Sorry, I didn't get back to this until now.

I was thinking of lossless compression, lossy is another can of worms on top of lossless. Lossless compression works, in principle, by the realization that the probability distribution of the all possible input strings is not flat. There are some strings that are more probable, and strings that are less probable. The reason some strings are more probable is that they result not from random processes, but there is some process or algorithm that generate them. Thus, they have inherent structure to them. A random string would be a string that has no structure detectable by any algorithm smaller than the string itself. If the probability distribution of the input strings is not flat, then we can use entropy coding to describe the common case - non-random data – in less bits than the input.

However, the difference between some specific compression algorithms and a "general compression algorithm" is the assumptions they do. Most compression algorithms don't consider the probability distribution of the "full" set of input strings, but they rather divide the input string into a predictable sized chunks, and consider the distribution of those chunks. This is way simpler, and yields to being able to compress somewhat well, while still having rather "static" distribution (like morse code), or only simple algorithms (like adaptive Huffman coding) to adapt the distribution to the input data.

But if we don't restrict ourselves to the world of "compressing a stream, message by message", but enable "intelligent" compression that is allowed to use any computable means to achieve smaller compressed size and can adapt to the whole context of the input, we can see that "message-by-message" entropy coding is only a subset of what we can do. (And we of course _also_ have that subset in our toolbox.) But the true challenge of the compression now evolves into being able to find and represent approximations to the "full" distribution of the input data. That involves things like identifying structure in weather data! If the input is large enough to start with, the more complex model might be worth it. And if it isn't then we can intelligently just decide to use DEFLATE.

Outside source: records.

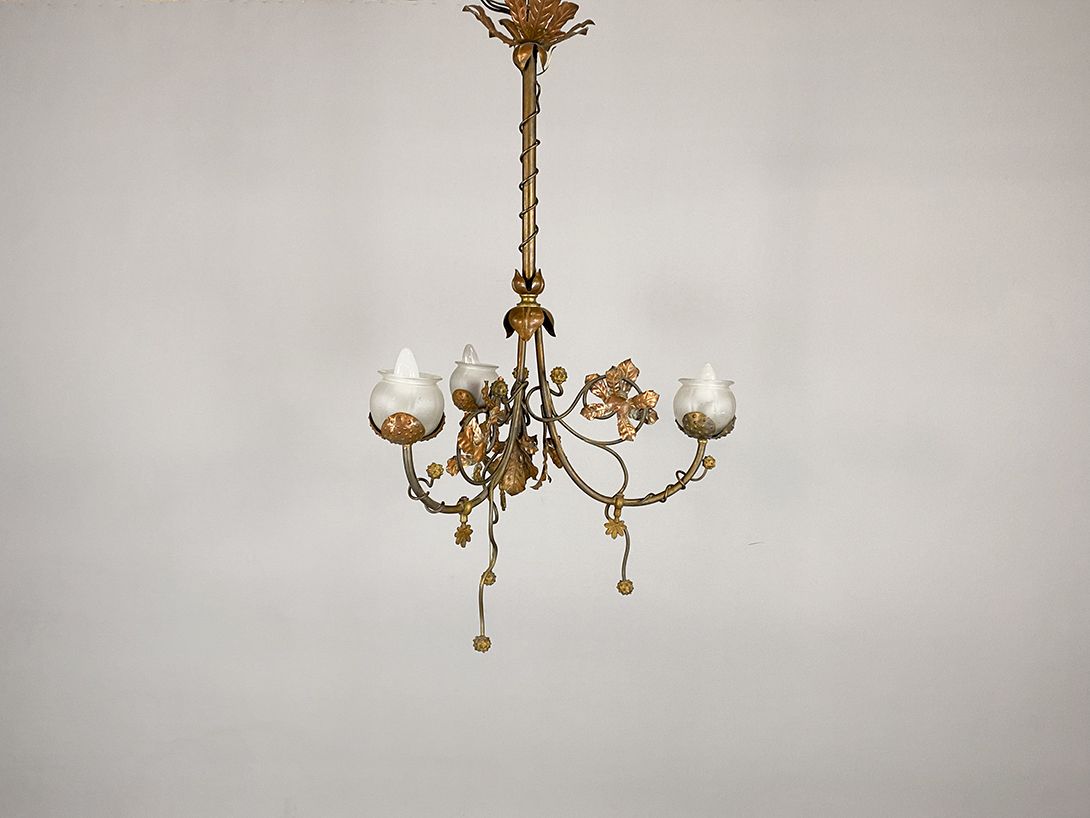 Foto Brass Chandelier with wild hanging Flowers h100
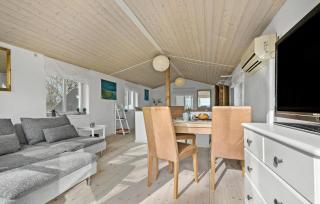 1 Bedroom Awesome Apartment In Grevinge - 6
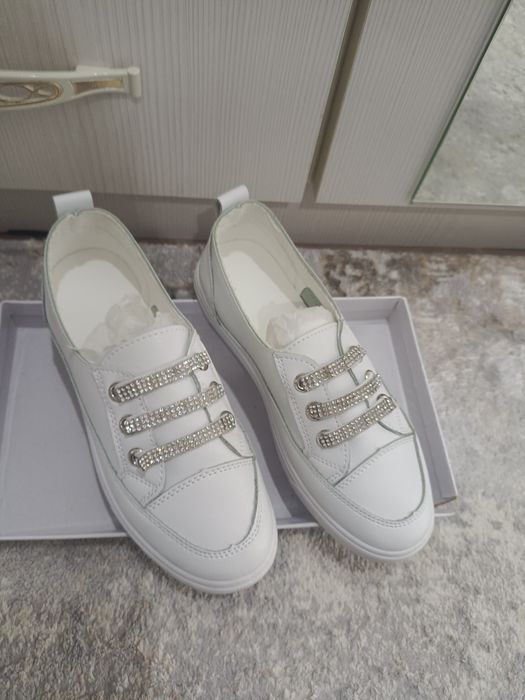 Красивые классические кеды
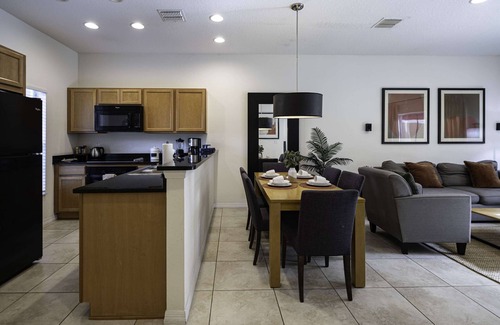 West Kissimmee House | 10 Min to Disney Cozy Family Townhome with Jacuzzi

> what room is there for "intelligence" in a rigid, statically-defined, system?

But as we can see from above, surely intelligence that is tasked with compressing stuff, doesn't need to be "rigid"? The intelligence is in the compressor, not in the compressed result. The compressed result might be assembly code that unpacks itself by doing arbitrary computations, and to achieve good results, the generator of that code must be sufficiently intelligent.